On in all it’s real fun! The instructions they kept repeating only made it funnier to me. My first reading title was “Blue footed b00bies”, which was great! It took all the stress away and I thought the test is merely customized for me! Blue footed b00bies are kind of birds somewhere in the world (I really don’t care) who were so tamed and dumb at the time Spanish people entered their island, so, you could easily approach them, pick’em up and eat them! So, they’re called bubu I guess which means “stupid” in Spanish, later on it’s changed to b00bies by English people!
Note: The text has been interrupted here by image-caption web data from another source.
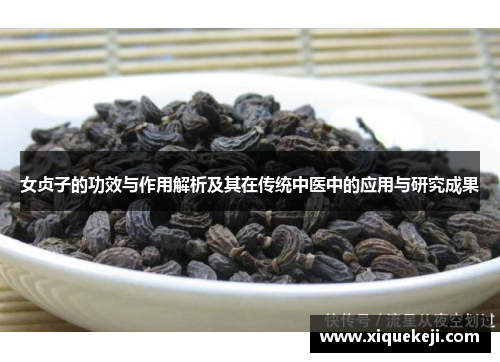女贞子的功效与作用解析及其在传统中医中的应用与研究成果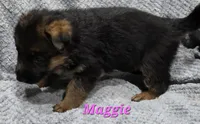 Maggie , a female German Shepherd Dog for sale in Fairbanks, AK – Photo 2 of 5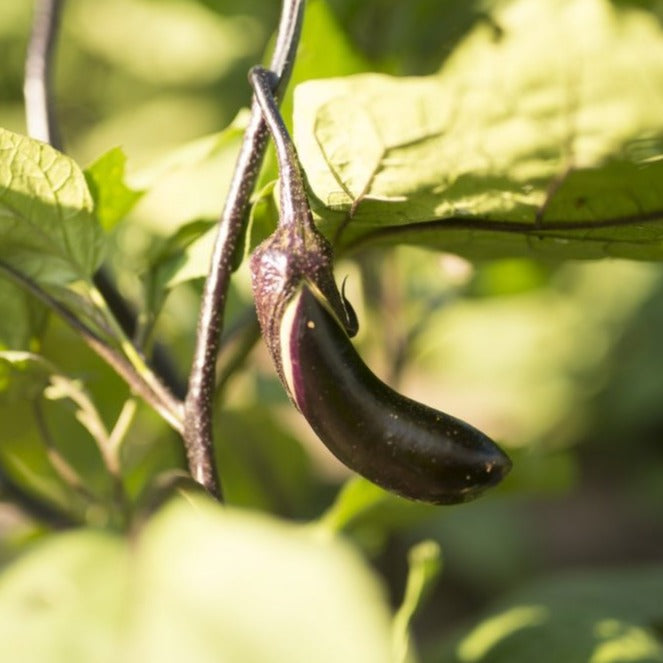 Eggplant Shikou Knippel Garden Centre
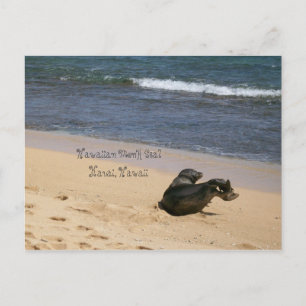 Carte Postale Sceau de moine hawaïen en voie de disparition Kaua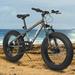 Glavbiku Unisex 20in Fat Tire Mountain Bike with High-Carbon Steel Frame 7 Speed for Child Gray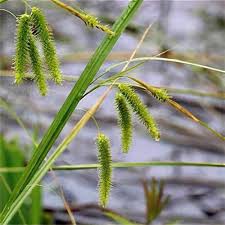 Attēlu rezultāti vaicājumam “Carex pseudocyperus female flower”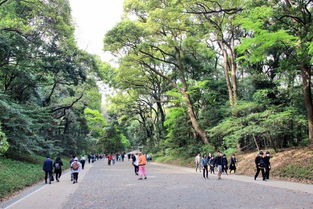 一、 地理位置和气候条件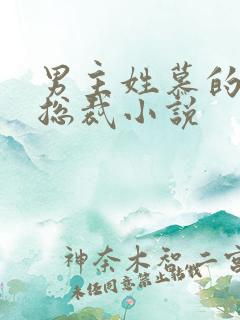 男主姓慕的所有总裁小说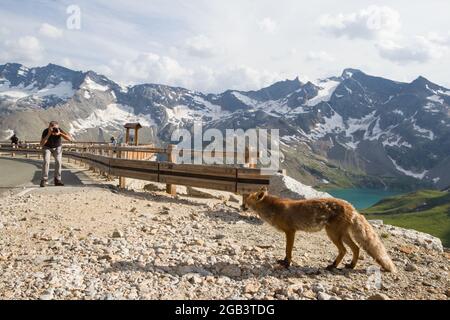 Un renard à la recherche d'un photographe dans le parc national de Gran Paradiso en Italie Banque D'Images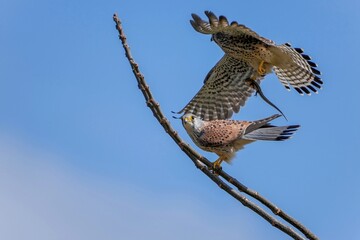 木の上で餌渡しをする子育て中のチョウゲンボウのカップル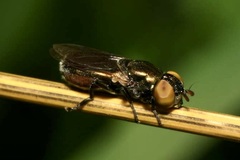 Riponnensia splendens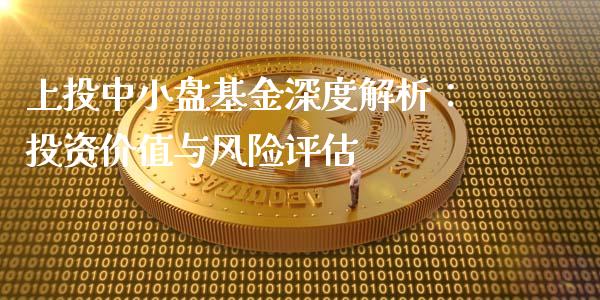 上投中小盘基金深度解析：投资价值与风险评估_https://wap.jnbaishite.cn_金融资讯_第1张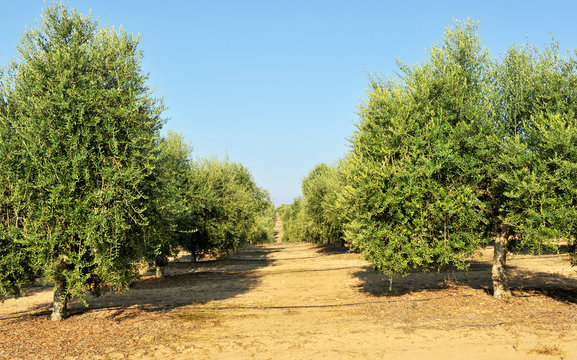 Finca de olivos en riego por goteo para la producci&oacute;n industrial extensiva de aceite de oliva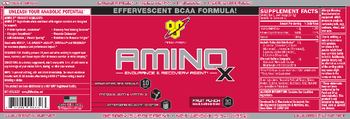 BSN Amino X Fruit Punch - supplement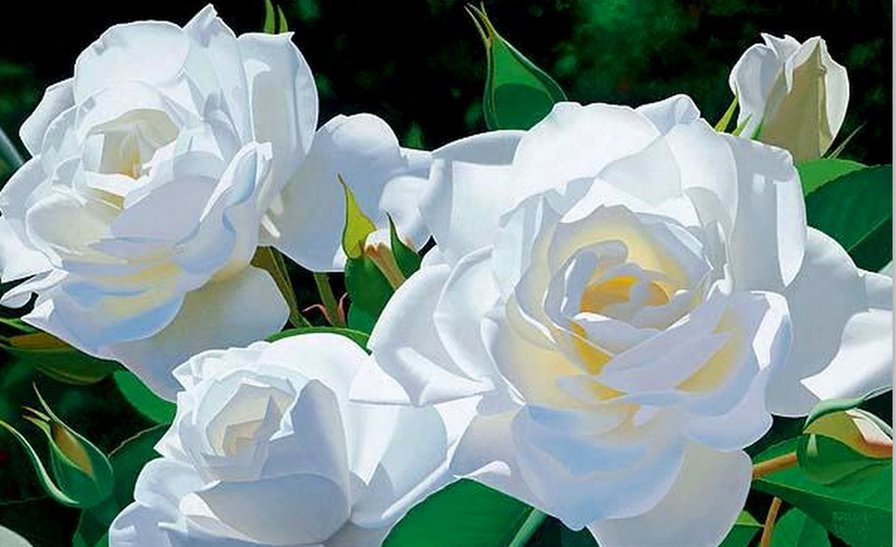 Белые розы - цветы - оригинал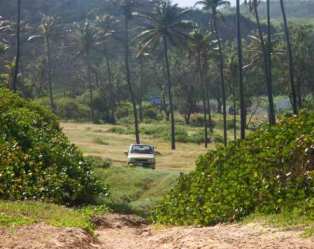 Morgan Lewis Beach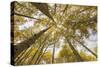 Colorado, Gunnison National Forest. Aspen Trees in Autumn-Jaynes Gallery-Stretched Canvas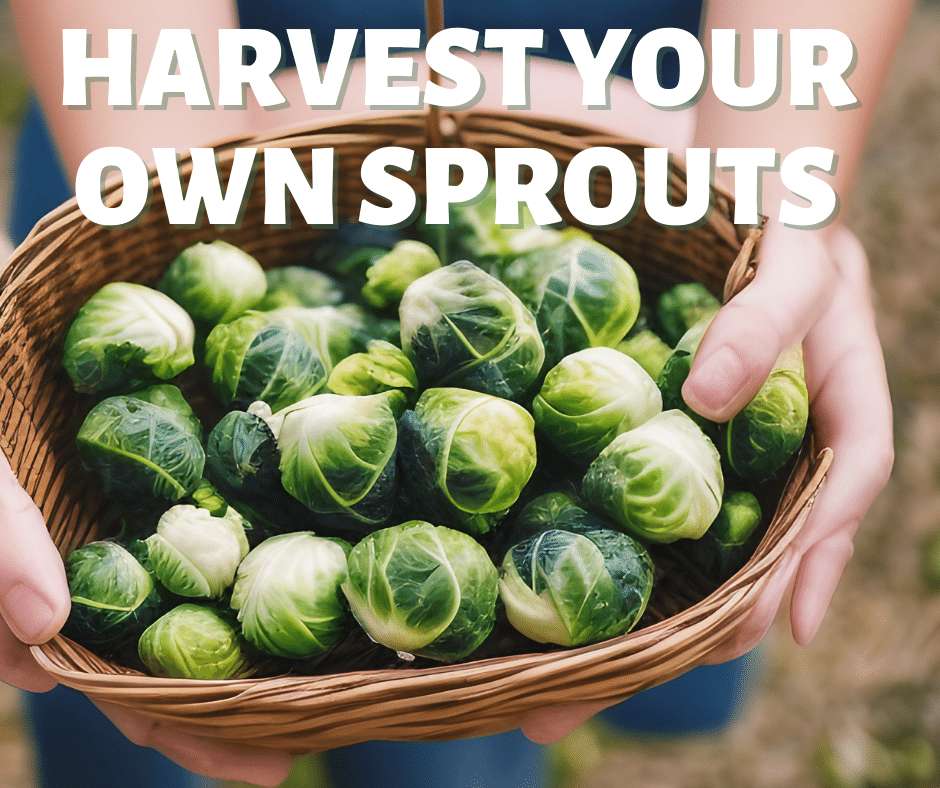 Growing Brussels Sprouts for Beginners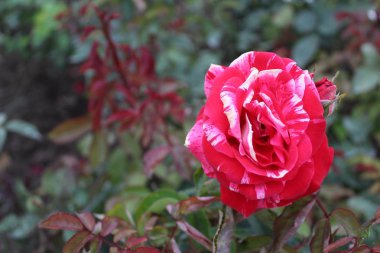 bahçede kırmızı c beyaz gül / fotoğraf güzel gül.çiçek yaprakları kırmızı ve beyaz.motley bitki yaz aylarında bahçede çiçek.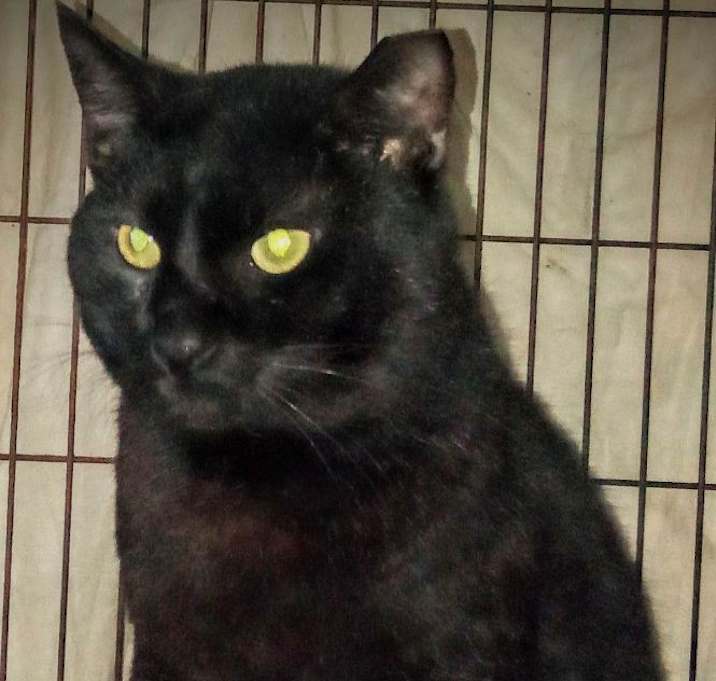Photo of Rambo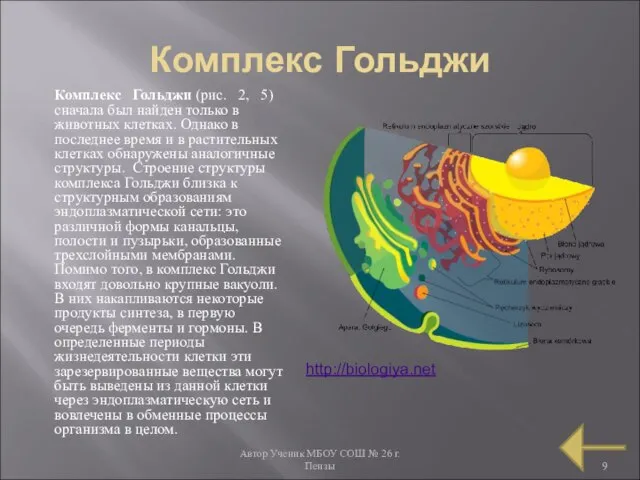 Автор Ученик МБОУ СОШ № 26 г. Пензы Комплекс Гольджи Комплекс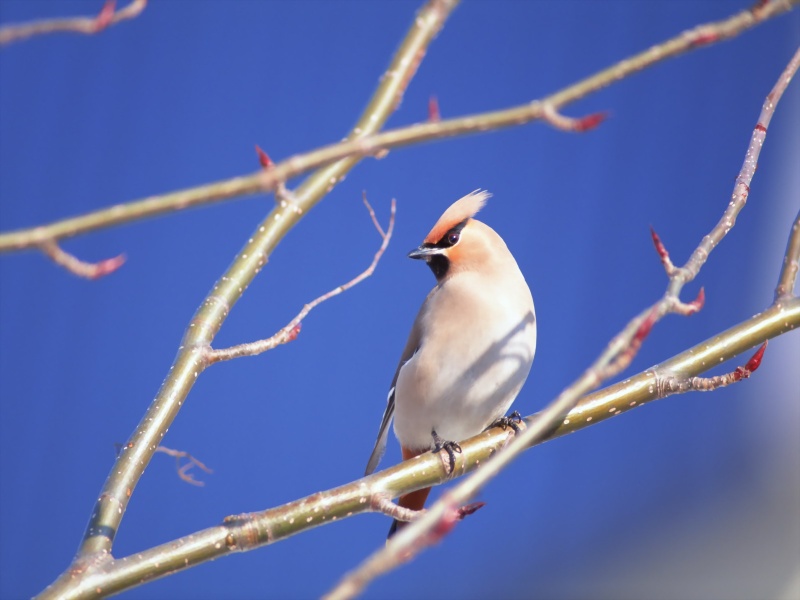 Lively Tiny Birds ●•.•°•.° (o^.^o) 2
I do believe these 2 tests are money scams in the best case, coz I see no reason why some countries shouldn’t accept TOEFL and only go for IELTS or vice versa. But if I want to vote for one of them, as it’s apparent in my previous paragraphs, I’d definitely vote for TOEFL iBT, even though it might be a lot harder for the computer illiterate or those who are more willing to see a human face in the speaking test rather than a monitor. I also believe you shouldn’t put 1000 people in a huge hall and scare’em so much that they don’t even utter a hiss!